Exactly reproduce the lines from the one holding "Ancien insigne de" through the final line of the listing below, with both ends included and nothing else.

★ ★ ★ ★ ★ ★ ★

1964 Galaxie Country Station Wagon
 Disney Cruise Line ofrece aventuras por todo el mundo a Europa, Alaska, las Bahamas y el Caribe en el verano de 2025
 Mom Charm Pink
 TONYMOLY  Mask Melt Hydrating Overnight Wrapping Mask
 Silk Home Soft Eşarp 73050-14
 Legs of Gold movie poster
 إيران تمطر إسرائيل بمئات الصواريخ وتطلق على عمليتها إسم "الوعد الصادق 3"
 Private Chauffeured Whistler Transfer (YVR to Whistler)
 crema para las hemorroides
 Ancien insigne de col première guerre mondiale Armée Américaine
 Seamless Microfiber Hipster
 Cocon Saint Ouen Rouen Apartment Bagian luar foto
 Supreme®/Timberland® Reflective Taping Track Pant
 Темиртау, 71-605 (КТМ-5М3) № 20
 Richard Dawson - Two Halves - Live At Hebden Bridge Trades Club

★ ★ ★ ★ ★ ★ ★

> **RESPONSE**
 Ancien insigne de col première guerre mondiale Armée Américaine
 Seamless Microfiber Hipster
 Cocon Saint Ouen Rouen Apartment Bagian luar foto
 Supreme®/Timberland® Reflective Taping Track Pant
 Темиртау, 71-605 (КТМ-5М3) № 20
 Richard Dawson - Two Halves - Live At Hebden Bridge Trades Club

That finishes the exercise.